The three value points are now:
- Book Value $25,000 *Per the balance sheet actual.
- Intrinsic Value $15,300 *Per the assumptions of winding up the business operation via a transfer to another flipper.
- Market Value $57,800 *Reasonable assumptions that the brothers will follow through, but with some additional costs.
Notice the dramatic deviations from the balance on Day 2.
Summary – Intrinsic Value Core Concept
When a company first starts, book, intrinsic, and market value are equal. This is because there is only one asset on the books, cash. As the management team begins to conduct business, these decisions weigh on the thinking of investors and analysts. For those involved with market price, assumptions about the future are generally more favorable towards creating value. Whereas, intrinsic value is more conservative and gives a lot of credence to current worth over future outcome.
The core concept of intrinsic value is to create true worth by turning all existing assets into a cash equivalent. From this single asset, liabilities are deducted, providing a net asset valuation which is customarily equal to book value.
This concept will get more convoluted as a company grows and matures. Different assets and liabilities have different mindsets towards evaluation. Furthermore, modern generally accepted accounting principles demand sophisticated thinking when trying to evaluate the true worth of those accounting applications. As illustrated above, the decisions made by management can and do create dramatic differences among the various value points investors consider.
With the above example, intrinsic value is dramatically less than book value. The reality is customarily the opposite: book value is less than intrinsic value, which may or may not be different from market value. This gets back to the ability of the management team to follow through with the mission of the company. The next article in this series covers the underlying elements that drive intrinsic value. When management can and does perform, intrinsic value improves beyond book value.
For this lesson, the reader needs to remember that intrinsic value is equal to market and book value at the inception of a company.

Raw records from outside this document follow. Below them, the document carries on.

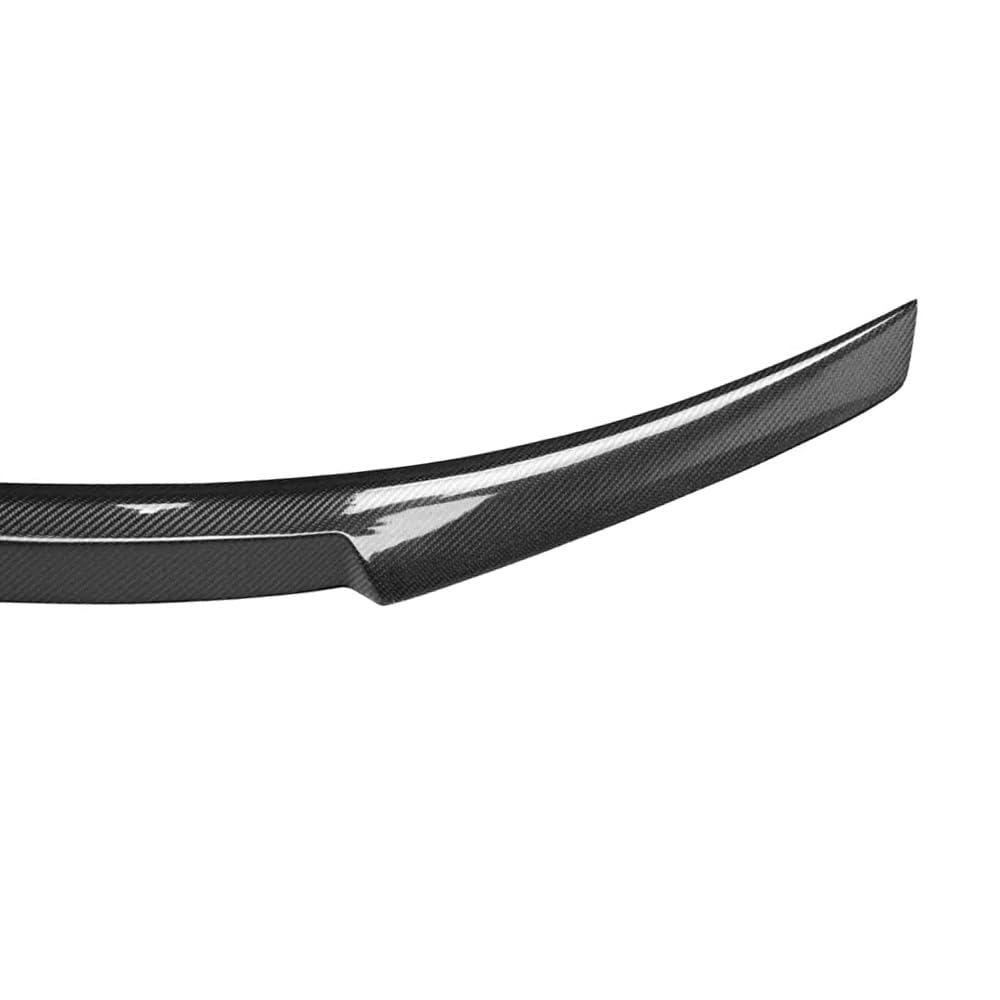 BMW 3 Series E92/E93 (07-13) Rear Spoiler Mod, M3 MP Blade 320i, No Drilling Needed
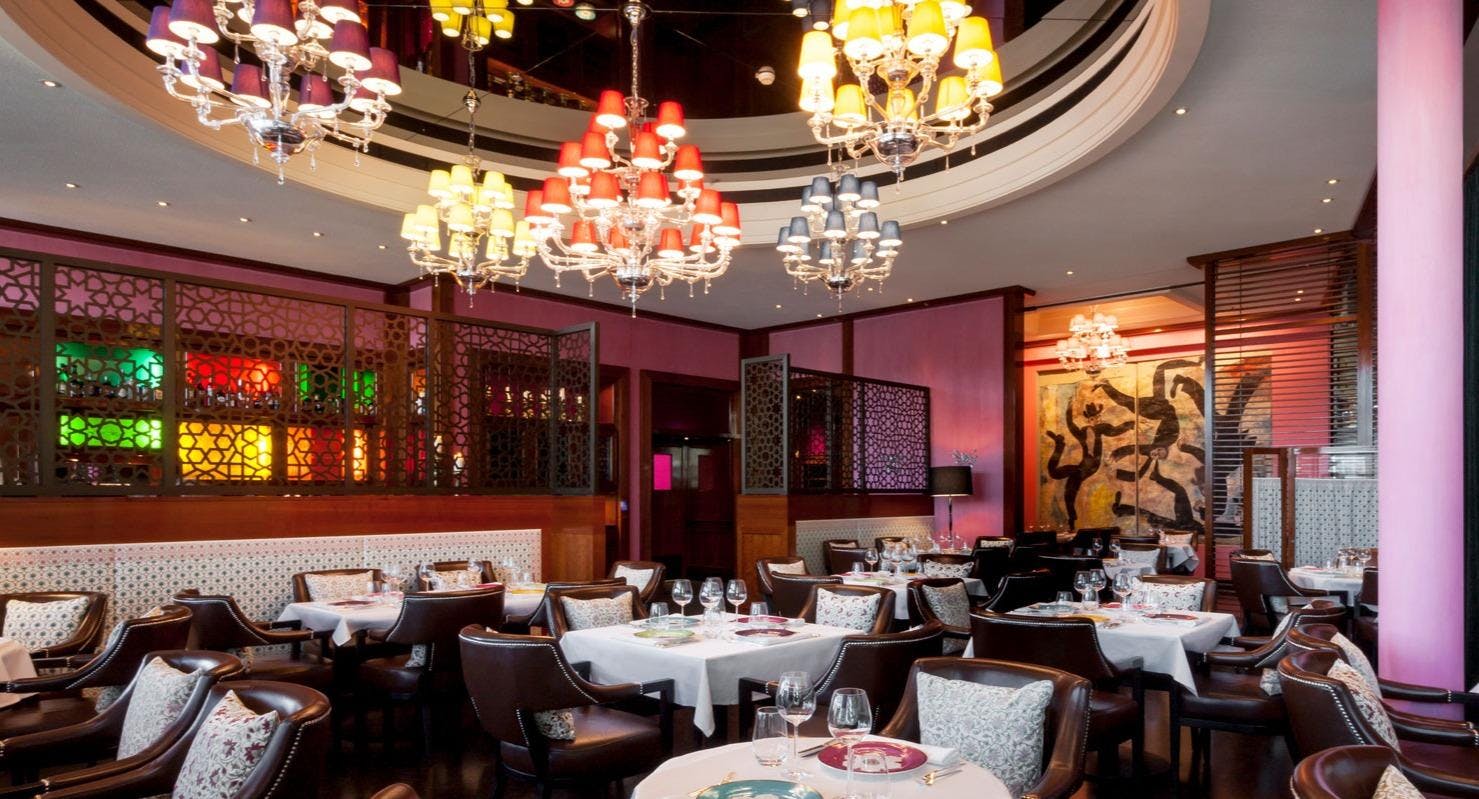 Photo of restaurant India Club Berlin in Mitte, Berlin - Photo 2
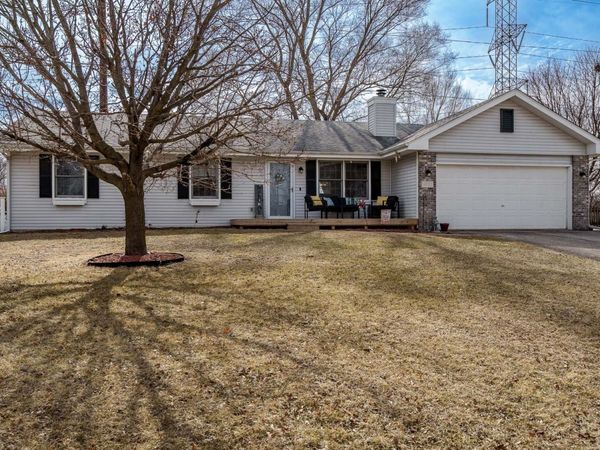 4771 Alexandra Lane , Machesney Park, IL 61115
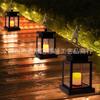 Amazon Explosiones Velas Solares Luces de Palacio Pequeñas Luces de Jardín a Prueba de Lluvia para Exteriores Luces de Pared Luces Decorativas para Paisajismo Balcón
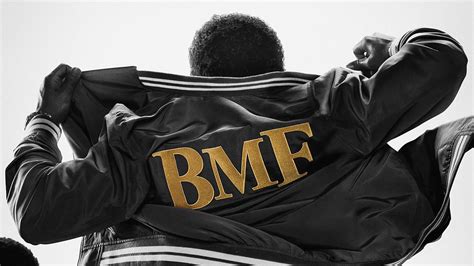 BMF Season 3 Release Date Everything You Need To Know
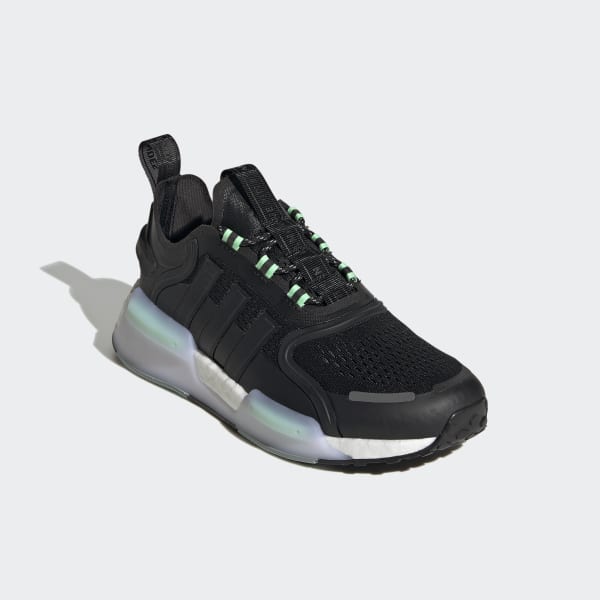 Black NMD_V3 Shoes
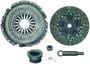 Power Torque Clutch Kit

This is the only time when all three are equal until the company dissolves. In addition, the lesson is trying to convey the core concept of intrinsic value; intrinsic value is the true worth of a business based on certain conservative-driven assumptions. One of those assumptions places greater credence on worth as it exists today over the possible future aspect of worth. In general, the assumptions to determine market value and intrinsic value are different. Market values are derived from more liberal points of view, and intrinsic values are much more conservative and require substantial evidence to ease the conservative constraints. Act on Knowledge.